Along with the other stresses in my life, I have worked myself into an unbearable depression over my appearance and crap life (even though I have it easy compared to much of the world - don't get me wrong, I do realize that!)....and every few days I have an emotional therapy session with myself. I grab a good book, a delightfully scented candle, make some bath salts and camp out in the tub (are you beginning to notice a pattern with me regarding bath-time?)... I lay there and try to reason with myself. And this is the conclusion that I come to.... I will NEVER be THAT girl. And as depressing  as that sounds, I am about to explain to you that there is hope to be found in that statement. Make it your personal mantra, ladies (and gents)!  Let me make some points and then expound on each thought...

  1. Enough is never going to be enough.
  2. The people I compare myself to...are simply people. 
  3. I need to love myself...but making improvements where needed is still healthy.
(1) There will always be someone out there prettier, edgier, more popular, better traveled, smarter, gothier (lots of those, it seems), richer, more talented, thinner....etc... Always. There will always be someone better. I will always feel the need to make myself better....and you probably will too! So even if someone else thinks you're THAT girl, you never truly will be. And if you think you are, everyone else secretly thinks you are an insufferable narcissist! That is the hard, but freeing, truth of it ;)

(2) We make these people out to be super-people or celebrities with amazing lives that we could never hope to lead. The actual rich and famous of the world may have such luxuries... but the tumblr elite do not! (Nor the Facebook, blogspot, deviantArt, etc) In most cases, these people are normal folks with normal insecurities....and those insecurities or in some instances, delusions of grandeur, have led them to spend the majority of their lives sitting in front of a computer uploading countless (almost professionally photoshopped at this point in the game) pictures of themselves and working around the clock to set up this illusion of glamour. They WANT you to believe that they are something to be envied or strived-for though the thought of someone copying them is terrifying (as will be demonstrated if you watch them long enough)...they want you to think that they are the expert, the extreme and that they live a life of artistic/poetic luxury. When the awful truth is, they have wasted much of their life. This very post may cause some anger if anyone bothers to read to this point....but its important to let that sink into your head because once you do, you can test it for yourself and know it to be correct. Now.... Do not misunderstand what I said to be hatred towards the elite.... I don't hate them. I just have to remind myself on a regular basis that they are indeed human. And I still admire many of them for their unique style and interests... I am a firm believer in "Don't Hate, Appreciate".....when I see a gorgeous woman or someone who with great hair/style, I tell them! I don't sit there and fume, trying to pick them apart to find their flaws and make myself feel better and I don't try to bash them.... I admire openly, either to them personally or to others. I just think that its very important not to put people too high on a pedestal or to allow them to make you feel like shit...which some will do, whether that is their intent or no. Just like any person, a compliment from you MAY make their day (unless they are a narcissistic arse-hole, in which case you shouldn't bother further contact/compliments as they are undeserving) and they probably spend much of their time comparing THEMSELVES to others (maybe even YOU!), thinking that THEY aren't good enough.

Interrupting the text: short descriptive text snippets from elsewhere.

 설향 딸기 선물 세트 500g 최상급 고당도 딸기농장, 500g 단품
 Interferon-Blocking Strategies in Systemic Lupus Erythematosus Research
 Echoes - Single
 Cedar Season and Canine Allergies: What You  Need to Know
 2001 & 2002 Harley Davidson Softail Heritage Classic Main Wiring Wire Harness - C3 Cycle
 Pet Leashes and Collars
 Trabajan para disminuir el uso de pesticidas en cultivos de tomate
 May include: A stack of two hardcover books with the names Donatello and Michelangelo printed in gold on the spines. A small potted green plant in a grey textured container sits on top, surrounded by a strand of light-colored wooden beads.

(3) There is nothing wrong with not being able to achieve your own ideal of perfection..... because there is always room for improvement in life. Keep striving to be better! But be healthy about it (I am talking to myself here as much as I am to you readers....I am very unhealthy when it comes to how I see myself).... Love yourself. Accept that while you may not be the best, you are still a person of worth! Find things about yourself that are pretty or cool. I'm sure there are at least a few that come to mind! Spend time loving yourself....and less comparing yourself to others or putting yourself down! If that means spending less time on tumblr or around people that make you feel insecure, do it! 

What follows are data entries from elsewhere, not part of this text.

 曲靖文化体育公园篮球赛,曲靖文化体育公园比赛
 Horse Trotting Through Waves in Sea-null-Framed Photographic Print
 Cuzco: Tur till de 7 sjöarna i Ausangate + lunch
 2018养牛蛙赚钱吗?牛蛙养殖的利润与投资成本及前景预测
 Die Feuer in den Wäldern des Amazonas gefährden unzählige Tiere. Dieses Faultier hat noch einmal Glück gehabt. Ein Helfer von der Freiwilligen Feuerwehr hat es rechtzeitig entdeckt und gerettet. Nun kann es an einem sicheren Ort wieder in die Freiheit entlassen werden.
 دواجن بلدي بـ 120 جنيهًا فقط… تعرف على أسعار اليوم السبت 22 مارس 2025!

I know that lately I just feel like shit 24/7....I feel like the monster who ate the tiny girl that I used to be only a year ago..... its horrible. And no matter what I do, I can't shake that image. But I know that it is temporary...because I am willing and have been doing what it takes (and will continue to do so) to lose weight and feel better.... I am dieting and exercising (and about to look into metabolism shots) in order to lose this weight....I am looking for a job so that I can take care of myself and still afford the occasional fashion must-have.... I am learning to sew and do other crafty things so that I am able to not only make money, but have stylish things that are unique to me! What do you do to improve yourself? Do you find yourself comparing yourself to others or do others treat you like THAT girl? Feel free to discuss anything on the subject....just keep it polite <3


2 comments:

  1. I have a tendency to compare myself to others - often. But the truth is, I am uniquely me. There will never be another me, so why would I want to join the masses of fru-fru clones? I wouldn't! And I'm okay with that!

    As for depression, I have also dealt with this often. For myself, it is generally in a time when I have decided I can do things on my own, and forget that I have surrendered my life to following Christ. Granted, depression can be a real medical issue - but sometimes, if we dig deep enough, we will find that there is something that is causing it that can be fixed. :)

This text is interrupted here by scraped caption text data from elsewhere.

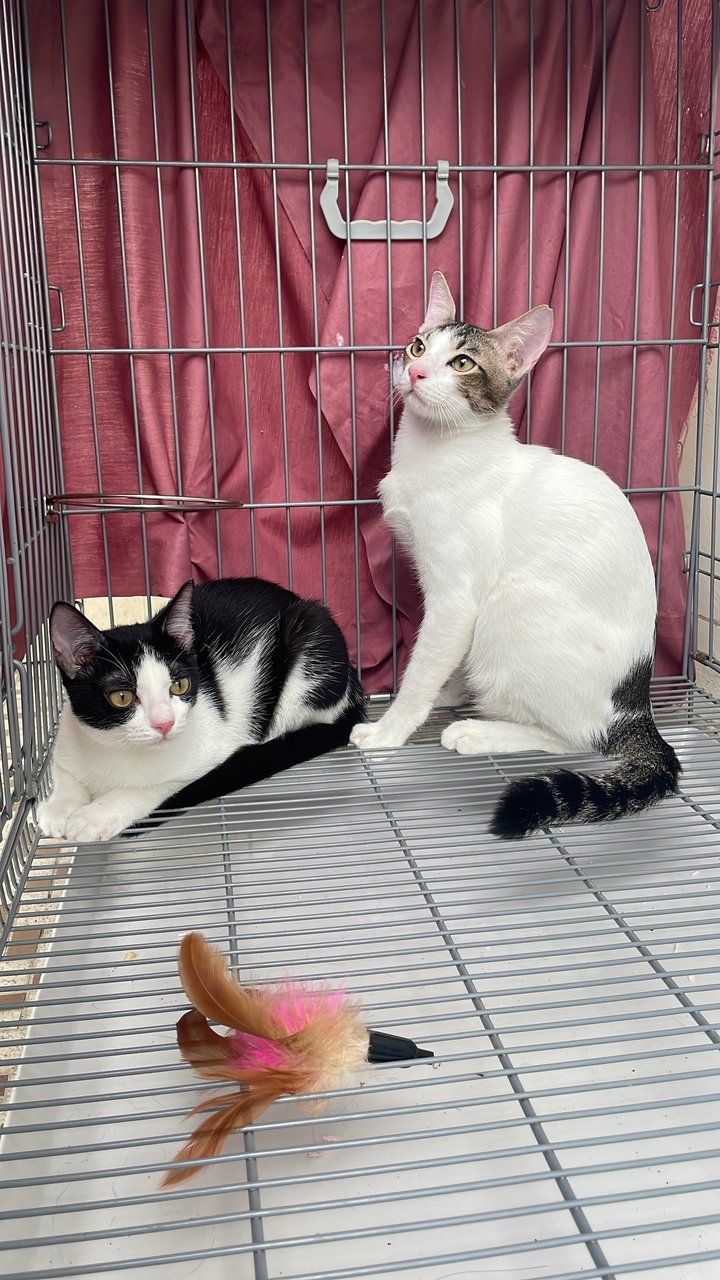 Tam &amp; Teh - Tabby + Tuxedo Cat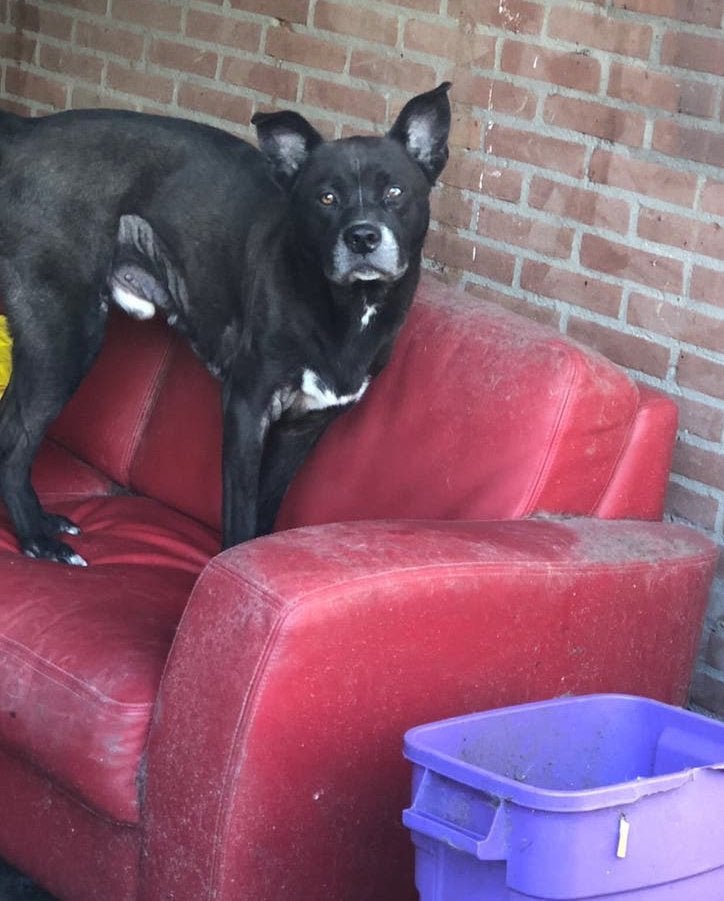 Hond, Parvo, Eén hond, 3 tot 5 jaar, Nederland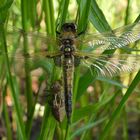 Libelle beim Schlüpfen_12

    Don't be so hard on yourself Audrey! Learn to be happy about the things you cannot change, and try to change the things you can!

    As for the weight stuff.... It would be a miracle if I make it through TurboFire without losing weight! I'm telling you, it's intense - and while it seems expensive at first, it's cheaper than a gym membership. :) Never hurts to check things out! Plus, they have a money back guarantee!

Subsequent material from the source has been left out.